In [.]: x = [{'a': 1, 'b': 2, 'c': 3}, {'a': 2, 'b': 3, 'c': 4}]
In [.]: %timeit filter_(x, {'a': 1})
10000 loops, best of 3: 62.1 µs per loop

In [.]: %timeit filter(lambda y: y['a'] is 1, x)
1000000 loops, best of 3: 417 ns per loop

Now in truth I would never expect the Pydash equivalent functions to be faster than the Python counterpart, but ~150x slower?

Any idea how the speed of these functions could be improved? Since I made this performance discovery I've stopped using the pydash library so much and went back to filter + lambda...but goodness that can get ugly! I love the idea of this library, I just wished performance was better.

dgilland commented 9 years ago

No worries about the criticism of those performance numbers :smile:. Admittedly, I have not done much in terms of profile/optimizing for speed :disappointed:.

I went ahead with some basic cProfile analysis and determined that the majority of the time was spent in is_builtin and has which were called from here and here respectively.

I did some quick rework and now the timeits are:

$ python -m timeit "
from pydash import filter_
x = [{'a': 1, 'b': 2, 'c': 3}, {'a': 2, 'b': 3, 'c': 4}]
filter_(x, {'a': 1})"
10000 loops, best of 3: 29.6 usec per loop

$ python -m timeit "
x = [{'a': 1, 'b': 2, 'c': 3}, {'a': 2, 'b': 3, 'c': 4}]
filter(lambda y: y['a'] is 1, x)"
1000000 loops, best of 3: 0.882 usec per loop

which brings the difference down to ~34x slower than the native filter.

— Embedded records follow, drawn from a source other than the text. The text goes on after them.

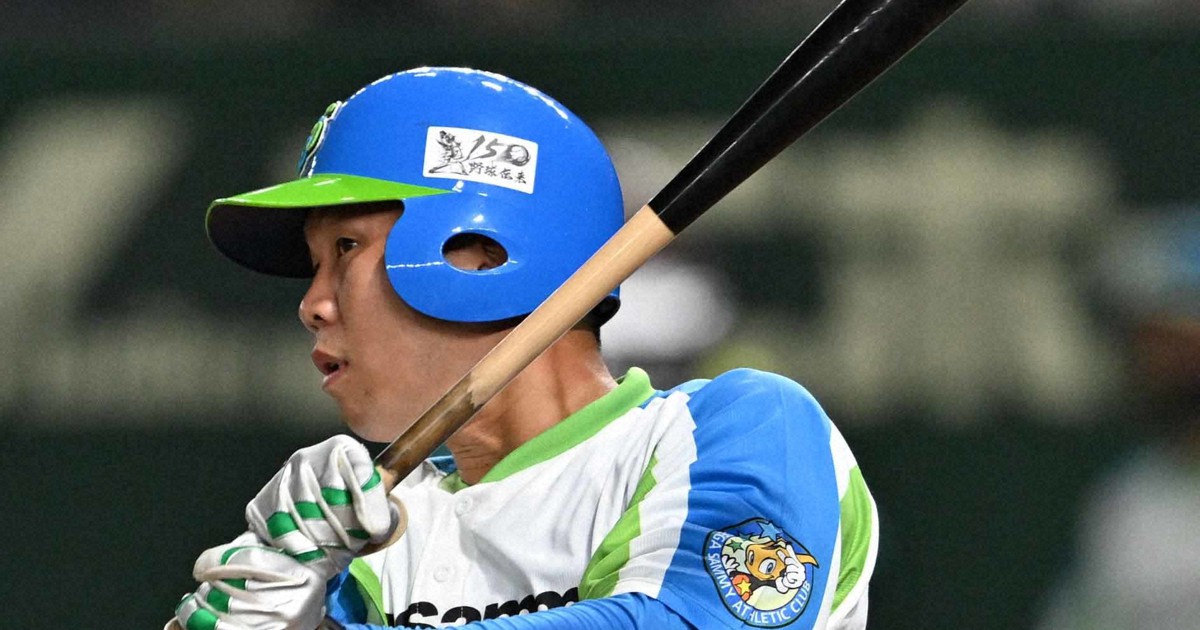 セガサミーの「代打の切り札」平田が念願の先発で躍動 都市対抗 | 毎日新聞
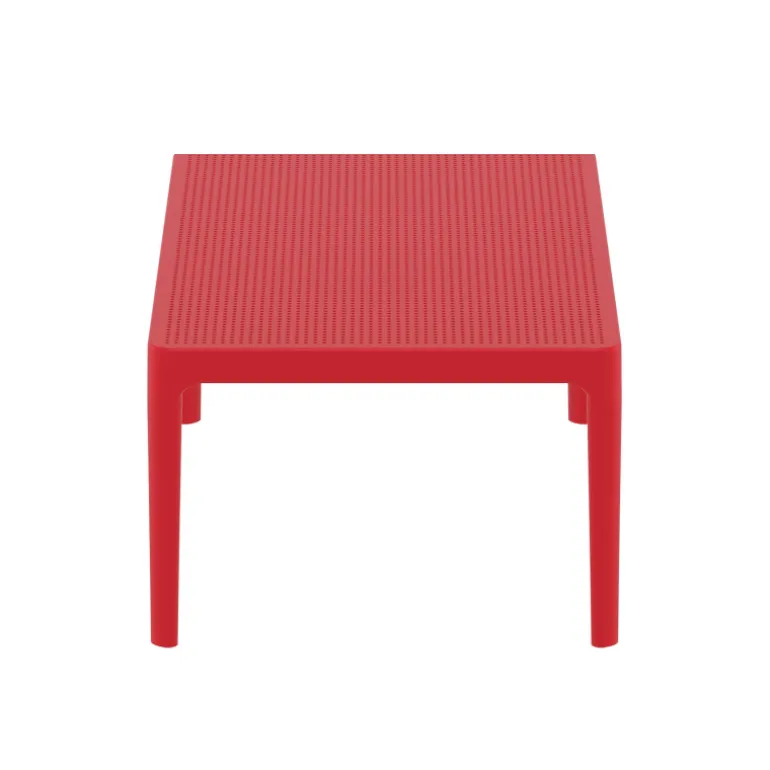 Sky Table basse rectangulaire de salon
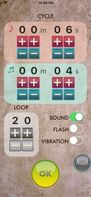Timer setting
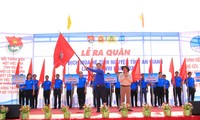 An Giang ra quân chiến dịch tình nguyện hè 2020
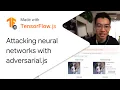 adversarial js Break any neural network live in your browser - Made with TensorFlow js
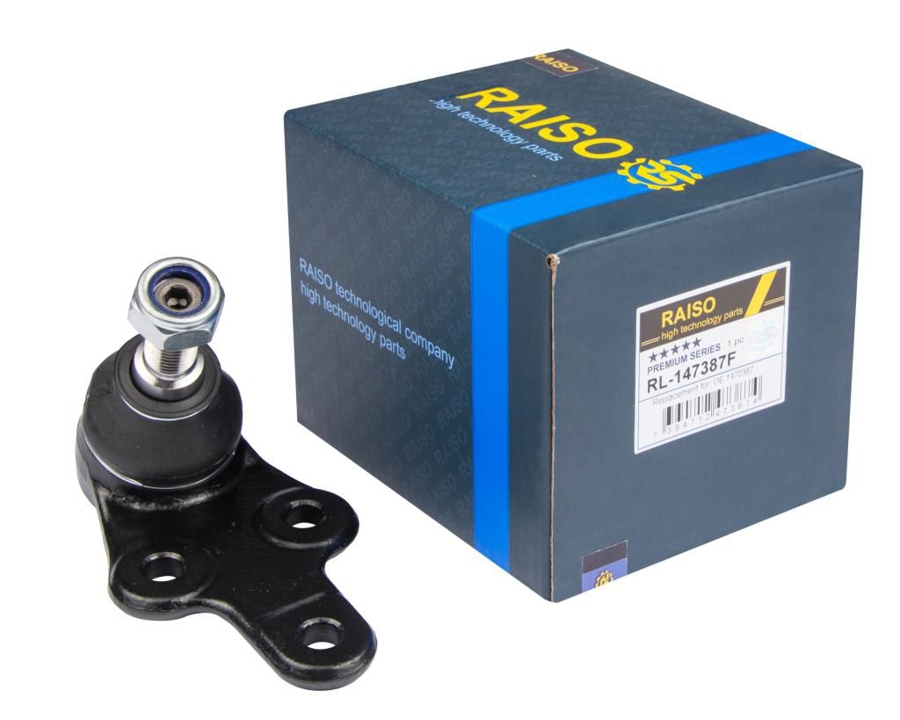 Купити RAISO RL-147387F за низькою ціною в Україні!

You can view the changes on the feature-performance branch. If you know of any other poor performance areas, I (or you if you are so inclined) can take a look and submit a patch.

UPDATE: Looks like the is_builtin change in call_callback caused some tests to fail on Python 3.4. I've since reverted that change which makes the timeit as follows:

$ python -m timeit "
from pydash import filter_
x = [{'a': 1, 'b': 2, 'c': 3}, {'a': 2, 'b': 3, 'c': 4}]
filter_(x, {'a': 1})"
10000 loops, best of 3: 49.4 usec per loop

which is ~56x slower than the native filter.

jacobbridges commented 9 years ago

Thank you for responding so quickly!

I fetched your upstream branch on my local version last night and was tinkering with the code. (I swear that iteratee function is magical..) There is a noticeable difference in performance, thank you for putting effort into that. If you don't mind I would like a few days to tinker with the code and see if the efficiency can be increased even more.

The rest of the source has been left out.